The silicon and/or hafnium that is deposited in layer 34 on the exterior surface 36 of the turbine engine component 20 is in an elemental form and has been found to be readily incorporated into a metal coating (i.e., a diffusion aluminide coating or a chromide coating) as a performance enhancing secondary element that improves high-temperature oxidation resistance. Silicon or hafnium contained within a different type of pre-applied layer on the exterior surface 36 is not effective in being successfully incorporated into a diffusion aluminide coating or a chromide coating as a performance enhancing secondary element. For example, silicon bound in a silicon dioxide layer on the exterior surface 36 prior to aluminiding or chromiding cannot be diffused into the metal coating. Similarly, silicon added to the donor material used during the simple chemical vapor deposition fails to result in the introduction of sufficient silicon into a diffusion aluminide layer to impact the high-temperature oxidation resistance. In addition, the amount of silicon and/or hafnium deposited onto the exterior surface 36 of the turbine engine component 20 and subsequently incorporated into the aluminide or chromide coating influences the high-temperature oxidation resistance of the diffusion aluminide or chromide layer. As explained below, the amount of secondary element deposited onto the exterior surface 36 can be controlled by controlling the volume of the environment about the turbine engine component 20 in which the vapor phase reactant is confined.

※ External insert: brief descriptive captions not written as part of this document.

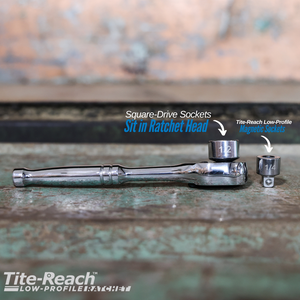 Tite-Reach Low-Profile Ratchet - 1/4" Drive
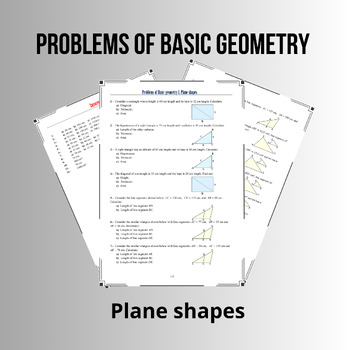 Preview of Basic Geometry 1 - Plane Shapes Worksheet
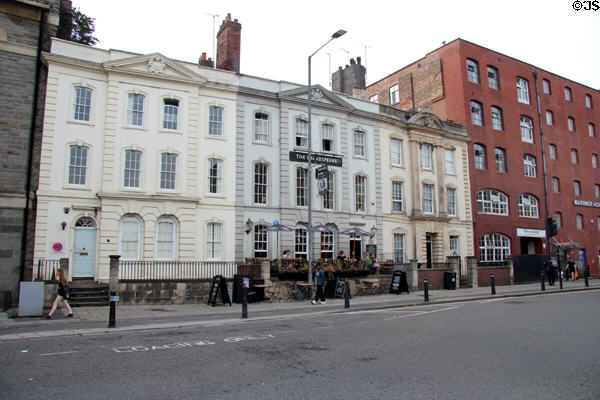 The Shakespeare Pub, located in a Georgian building (1725) on Prince St. which once catered to ships' officers. Bristol, England.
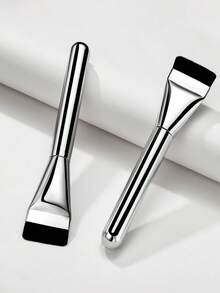 1 cọ trang điểm mềm dẹt, cọ lông mềm dùng cho mặt, thích hợp để tẩy tế bào chết, trang điểm và nhiều mục đích khác - Cọ nền mềm, cọ kem BB, cọ che khuyết điểm, cọ má hồng, cọ tạo khối, cọ phấn bronzer, cọ phấn phủ. - Bạc - Xem 4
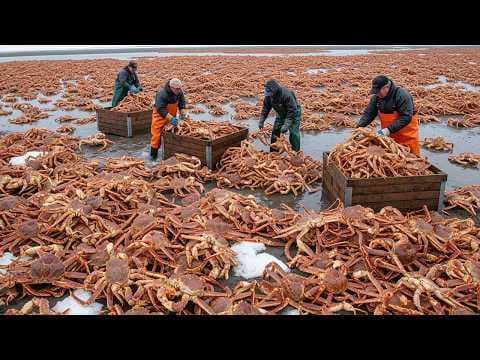 You’ve Never Seen King Crab Fishing Like This 🦀 Millions Caught in Mind-Blowing Ways #fishing thumbnail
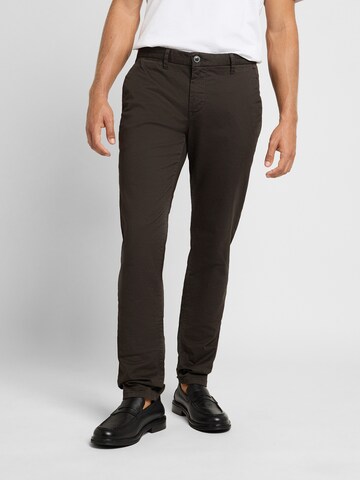 WOTEGA Slim fit Chino Pants 'Adriano' in Brown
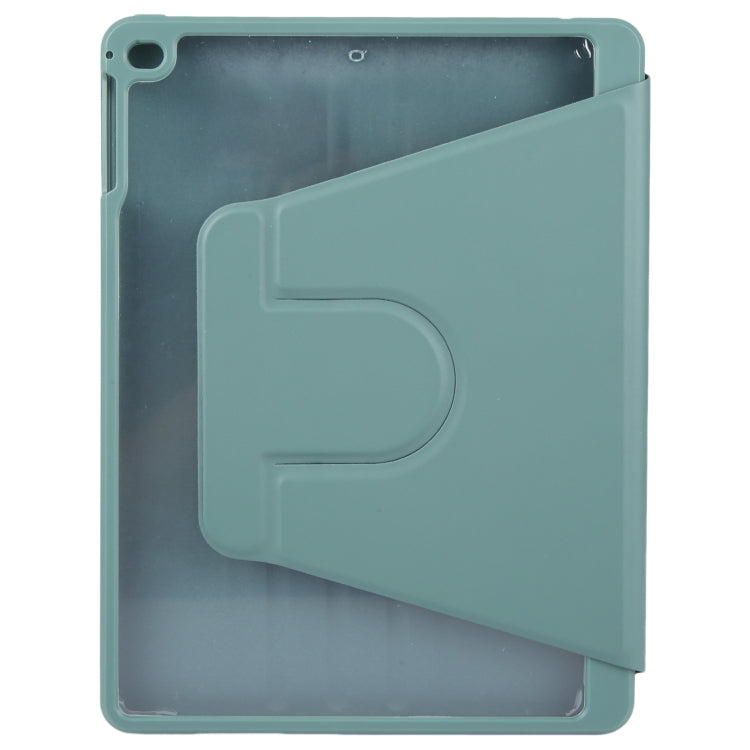 For iPad 9.7 2018 & 2017 / Air / Air2 GEBEI Acrylic TPU 3-folding Rotating Smart Tablet Leather Case withh Pen Slot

With reference to FIG. 2 and in accordance with an alternative embodiment, a deposition system 10 a confines the turbine engine component 20 and the source material 32 inside a partially-sealed container 50 that is placed into the reaction chamber 12. The container 50 includes a cup-shaped body 52 and a removable lid 54 that provides access to the interior of the container 50 for adding the source material 32 to the crucible 30 and placing the component 20 into the container 50. The container 50 provides confinement of the vapor phase reactant released from the source material 32 in the crucible 30, which increases the concentration of the vapor phase reactant and hence, the concentration of vaporized silicon or hafnium in the vicinity of the gas turbine engine component 20.
Selection of the temperature of the reaction chamber 12 and the confinement of the vaporized source material 32 at a substantially constant pressure inside the container 50 are used to control the temperature of the source material 32 in the crucible 30, which in turn regulates the deposition of silicon on the exterior surface 36 of the turbine engine component 20. To that end, the thermocouples 40, 41 may be placed into a contacting relationship with the container 50, as representatively shown, and are used to provide temperature indications reflecting the temperature of the container 50 to the controller 42 for closed loop feedback control. The feedback control responds to deviations of the measured temperature from a targeted temperature, and is used to control an actual temperature of the container 50, the component 20, and the source material 32. Alternatively, the thermocouples 40, 41 may have a non-contacting relationship with any object inside the interior space 18, as shown in FIG. 1, and the temperature of the reaction chamber 12 and all objects inside the reaction chamber 12, including the container 50, the component 20, and the source material 32, may be assumed to be identical because of thermal equilibration.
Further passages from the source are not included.